When I saw the trailer in the theaters for this film, I was concerned about what direction the writer/director was going to take this true story of love, courage, and persistent principle. As a long-time high school teacher of US Government, I have a reverence for the Constitution of the United States. The times our federal government has violated individual civil rights has, with very few exceptions, been the times where our laws have either violated or ignored those rights. More rights have been violated because of our ignorance of our founding protections than due to any other reason in history.
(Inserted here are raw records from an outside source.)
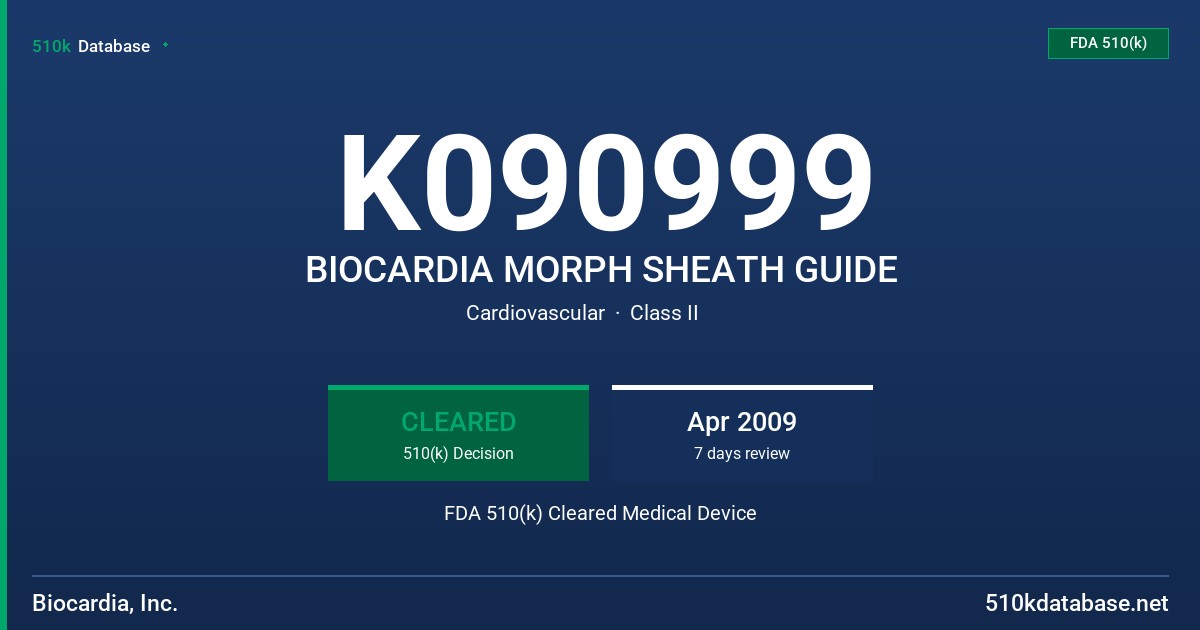 K090999 BIOCARDIA MORPH SHEATH GUIDE FDA 510(k) Cleared Medical Device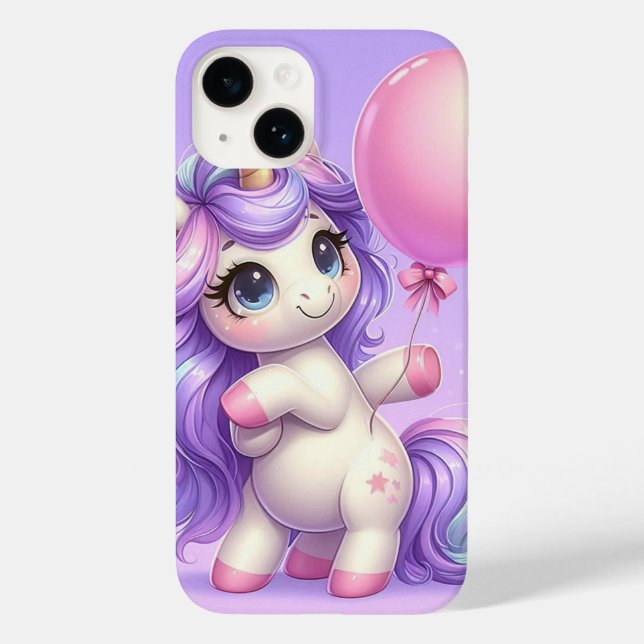 Spelande Unicorn Holding-ballonger (Baksida)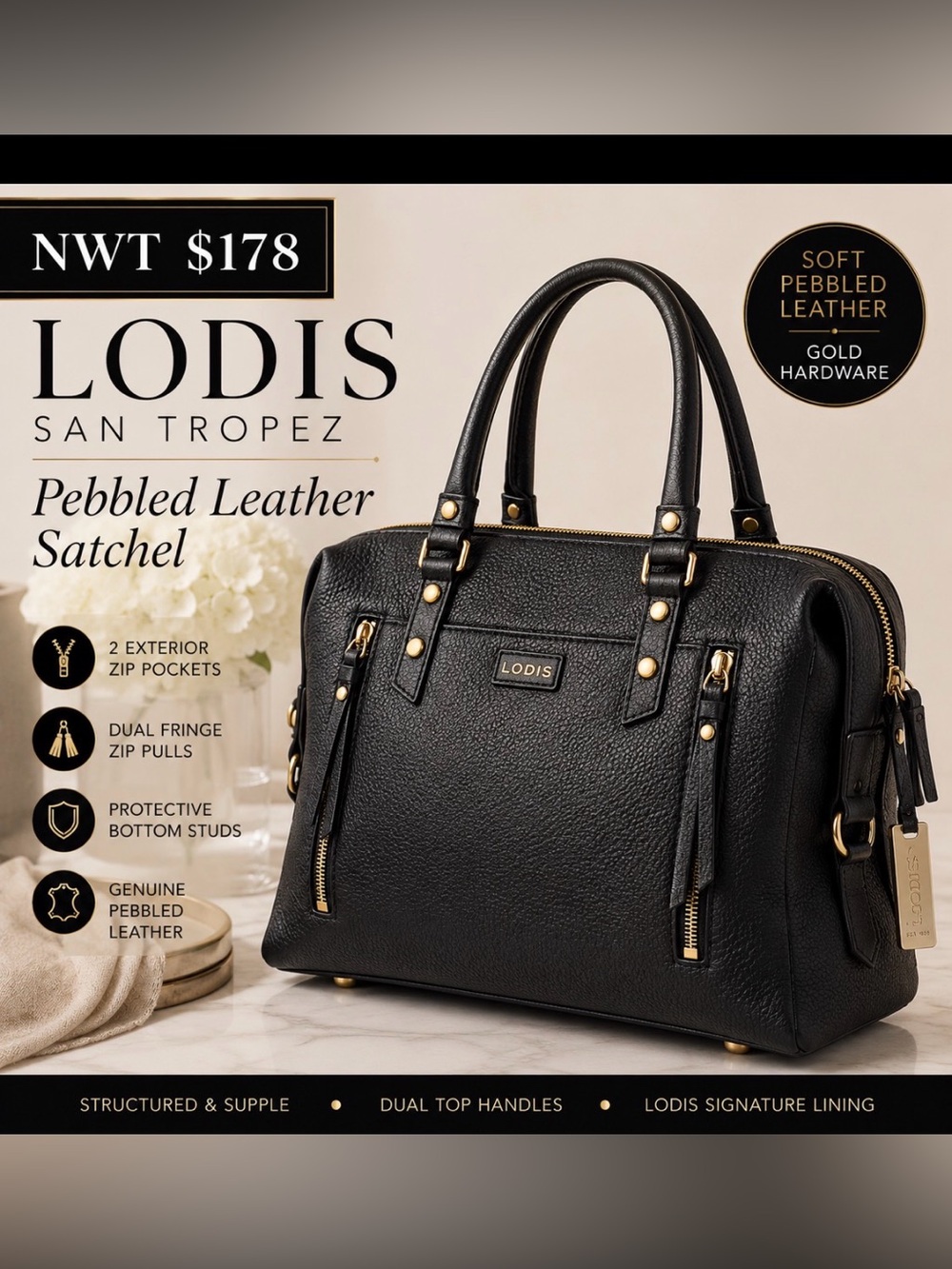 NWT $178 Lodis San Tropez Black Pebbled Leather Satchel Bag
Americans should know their Constitution backward and forward. It’s is the protection of all. Holding our laws elected representatives accountable for adhering to those founding documents is the only way to protect people, property, and individual freedoms. So often, my wife and I looked at each other and grieved during this film. A simple knowledge of the rights of the individual, and the restrictions of the powers of government to infringe on those rights, would have prevented the horrible miscarriage of justice that these two lovely people sustained.
The promise of public education today no longer is simply whether you can add a sum of numbers or quote from a popular book. At the heart of our children’s knowledge base should be their understanding of what governments can and can’t do. Add to that the things that government should and should NOT do.
As I watched the agony of what the Lovings endured as a result of Virginia’s anti-miscegenation laws (16 states had them at the time, all in the south) I wanted to yell at the screen: “This is why Congress passed the 14th Amendment! Your marriage certificate should be honored due to Article IV of the Constitution!” Their local attorney should have at least explained those arguments to them. What the heck am I talking about? Let me explain…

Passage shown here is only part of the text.